Certamente é solução a ser mantida nas locações e aproveitada em outros setores econômicos: as asas da liberdade nos protegeram e protegem, muito bem.
[1] Samba do Grêmio Recreativo Escola de Samba Imperatriz Leopoldinense, composto por Niltinho Tristeza, Vicentinho, Preto Joia e Jurandir.
[2] “Art. 17. É livre a convenção do aluguel, vedada a sua estipulação em moeda estrangeira e a sua vinculação à variação cambial ou ao salário mínimo. Parágrafo único. Nas locações residenciais serão observados os critérios de reajustes previstos na legislação específica”.
[3] Inesquecíveis as barafundas criadas por congelamentos de preços e de remunerações, que lotaram os tribunais.
[4] Art. 45: São nulas de pleno direito as cláusulas do contrato que visem a elidir os objetivos da presente lei, notadamente as que proíbam a prorrogação prevista no art. 47, ou que afastem o direito à renovação, na hipótese do art. 51, ou que imponham obrigações pecuniárias para tanto.
[5] À semelhança da vedação inserta no art. 318, do Código Civil; da previsão da Lei nº 10.192/2001, que dispôs sobre medidas complementares ao Plano Real, mais atualmente do Projeto de Lei nº 4571/2019, do Senador Rodrigo Pacheco, voltado às locações urbanas não residenciais.
[6] Por apego à precisão: cuida-se, aqui, somente do aluguel. Em alguns contratos complexos, o pagamento do aluguel é mesclado a pagamentos outros, tais como os devidos por assessorias, desempenhos, outras práticas. Nesses contratos, o pertinente à locação será interpretado como tal; o relativo a outras prestações, conforme estas.
[7] Art. 28, pa. 1º, da Lei n° 9.069/95 [Plano Real] e art. 2º, par. 1º, da Lei n° 10.192/01.
[8] Art. 7º, IV, da Constituição Federal.
[9] CARVALHO, Luis Camargo Pinto de. Comentários ao artigo 17. In: Comentários à lei de locações de imóveis urbanos: Lei nº 8.245, de 18/10/1991. Juarez de Oliveira (coord.) São Paulo: Saraiva, 1992.p.188.
[10] A retratar a seriedade e a maturidade das relações de locação imobiliária urbana.
[11] https://www.aasp.org.br/suporte-profissional/calculos/calculos-judiciais, acesso aos 10/05/2021.
[12] “Art. 18. É lícito às partes fixar, de comum acordo, novo valor para o aluguel, bem como inserir ou modificar cláusula de reajuste. ”
[13] COELHO, Fábio Ulhôa. Curso de Direito Comercial - direito de empresa. 1.v. 18. ed.
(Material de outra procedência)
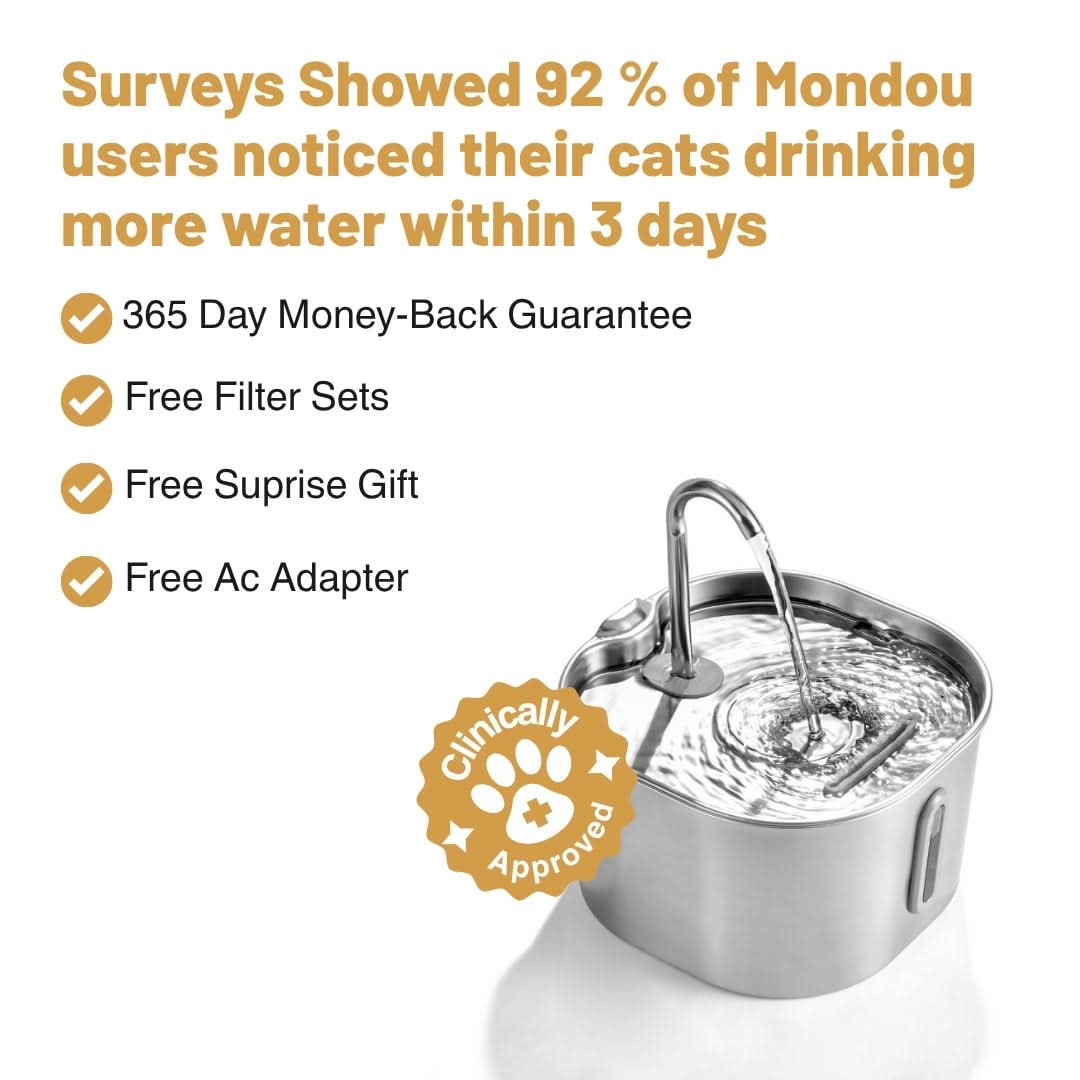 Give Your Cat Years More Healthy Life With Mondou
São Paulo: Saraiva, 2014. p. 90.
[14] O samba da Imperatriz Leopoldinense homenageou, a par da ideia, obviamente, o Hino da Proclamação da República, composto por José Joaquim de Campos da Costa de Medeiros e Albuquerque e Leopoldo Miguez.
[15] É ínfima a proporção entre a quantidade de ações judiciais locatícias e a de imóveis locados, em todo o país.